- Provided material -

────

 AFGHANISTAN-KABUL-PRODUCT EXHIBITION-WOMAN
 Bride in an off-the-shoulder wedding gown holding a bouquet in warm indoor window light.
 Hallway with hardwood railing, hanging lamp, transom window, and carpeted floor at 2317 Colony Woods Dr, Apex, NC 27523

────

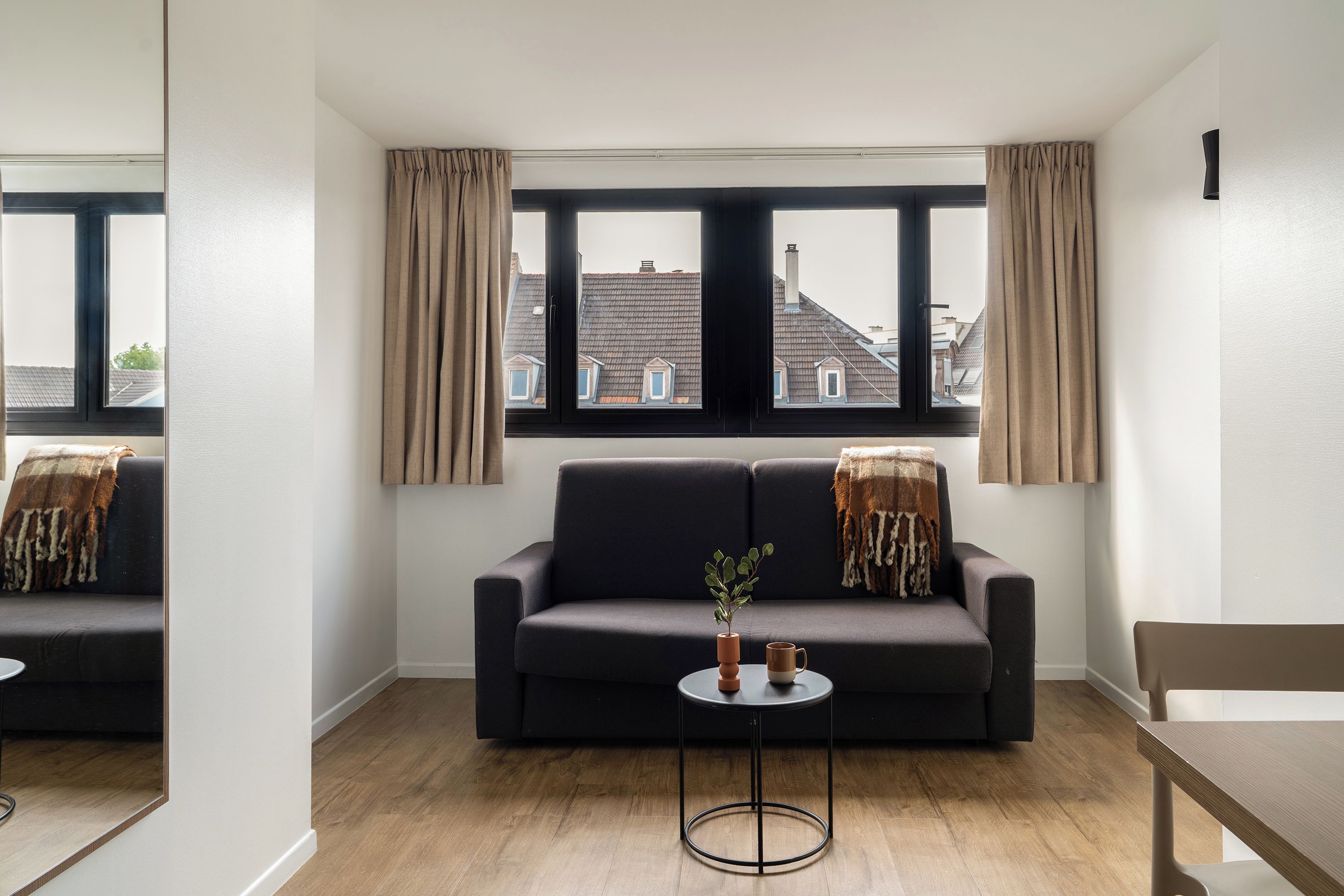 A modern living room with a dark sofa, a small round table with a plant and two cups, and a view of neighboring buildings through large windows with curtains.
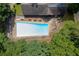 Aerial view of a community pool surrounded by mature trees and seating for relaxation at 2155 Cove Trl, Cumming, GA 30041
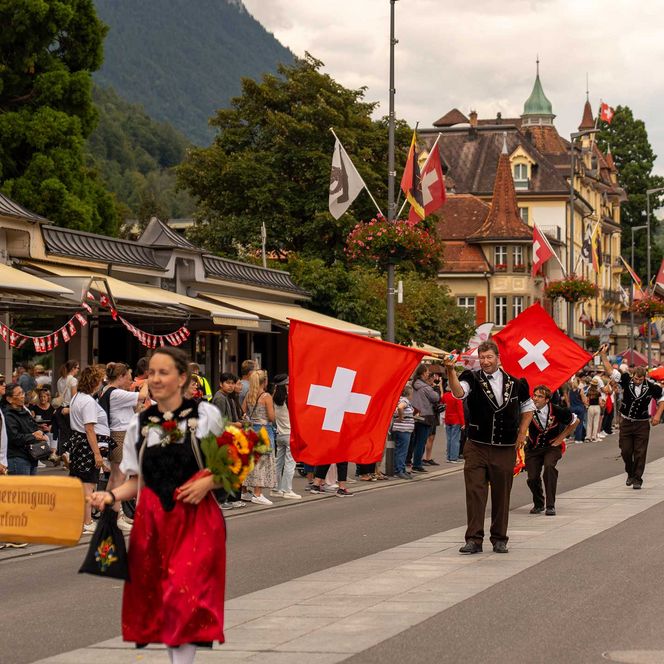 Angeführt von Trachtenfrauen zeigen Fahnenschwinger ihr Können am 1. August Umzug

────

- Activity -
Pictures excluded, transcribe the listing above exactly from the line with "Aerial view of" through the line with "Angeführt von Trachtenfrauen", and no further.

- Reply -
 Aerial view of a community pool surrounded by mature trees and seating for relaxation at 2155 Cove Trl, Cumming, GA 30041
 Angeführt von Trachtenfrauen zeigen Fahnenschwinger ihr Können am 1. August Umzug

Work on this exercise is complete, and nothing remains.